A RD curve (see Fig. 1) represents the distortion versus the rate (i.e, the RD performance) of any lossy encoding system. Basically, a RD curve express the efficiency of such encoding system for the source of information that is compressed. For example, when the signal is quantized, bit-rate and MSE are “opposed” features of the encoding system in the sense that, for example, if the bit-rate is descreased, the MSE is increased, and viceversa. Such variables (Rate (R) and Distortion (D)) can be represented as a curve.

Usually, RD curves are convex, which means that if \(\lambda _i\) is the slope of the curve measured at the \(i\)-th point of the curve (starting at the lowest bit-rate), it hold that \begin {equation} \lambda _i > \lambda _{i+1}. \label {eq:convexity} \end {equation} where \(\lambda \) quantifies the trade-off between decreasing the distortion² while the bit-rate increases [3, 2]. Eq. \eqref{eq:convexity} is not always true in the real world.

8 Slope computation

We define the slope of the \(n\)-th point in a RD curve as the slope of the straight line passing through the points \(n\) and \(n+1\) (see the Fig. 2). The slope of the point for the highest rate is defined to \(0\).

9 RDO (Rate/Distortion) Optimization

RDO is a technique that can be used when we need to encode at the same time two or more different sources of information, \(A\) and \(B\). When this happens, each source has its own charateristic RD curve (see the Fig. [?]) (without considering the rest of sources).

If we suppose now that the contribution to the distortion of the quantization of each source is independent³ and additive⁴, that is \begin {equation} D = D^A + D^B, \label {eq:additive} \end {equation} where \(D\) denotes distortion, then the optimal quantization steps must satisfy that [3, 2] \begin {equation} \lambda ^A_i = \lambda ^B_i. \label {eq:optimal_quantization} \end {equation}

To see this, lets suppose that we have used, for example, a set of quantization step sizes so that \(\lambda ^A_i/2 = \lambda ^B_i,\) and that we still have room for more bits to encode the frame. In this situation, the maximum benefit would be obtained if and only if we decrease \(\Delta ^A_i\) (modifiying the corresponding \(\mathbf {\Delta }_i\)), because the slope for the source \(A\) doubles the slope of the source \(B\). Therefore, the optimal quantization steps are obtained when Eq. ?? is true.

10 Comparing RD curves

If we have two (convex) RD curves \(A\) and \(B\), the best one from a RD perspective is those that minimizes the sum of the distances from its RD points to the origin of coordinates \((0,0)\).

One of the most common techniques to compare RD curves is based on the Lagrangian [3, 2] \begin {equation} J^{\{A,B\}}=R^{\{A,B\}}+\lambda D^{\{A,B\}}, \label {eq:lagrangian} \end {equation} that, for a given \(\lambda \) (considering the same slope in both curves) indicates which curve is closer to the origin.

11 Resources

[1] Ahmet Kondoz.
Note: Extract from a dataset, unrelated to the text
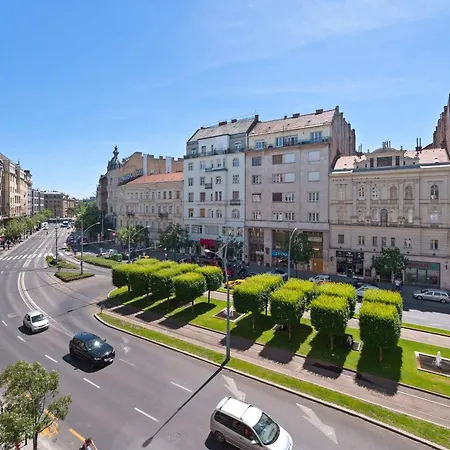 Elegant 2br Designer Retreat In Karoly Krt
Visual Media Coding and Transmission. John Wiley & Sons, 2009.

[2] K. Sayood. Introduction to Data Compression (Slides). Morgan Kaufmann, 2017.

[3] M. Vetterli and J. Kovačević. Wavelets and Subband Coding. Prentice-hall, 1995.

¹If the length of the compressed file is equal or larger than the length of the original file, then, for the compressor that we are using, there is not redundancy in the original representation.

²For this reason, the slopes are negative.

³The distortion generated in one of the sources does not influence the distortion generated in the other source.

⁴Or in general, a linear combination of the distortions, where each source contributes more than the other(s) to the total distortion \(D\) (this occurs, for example, when the inverse filters of a linear (orthogonal, backward) transform has different gains, in which case the quantization step sizes for a subband should be inversely proportional to the subband gain).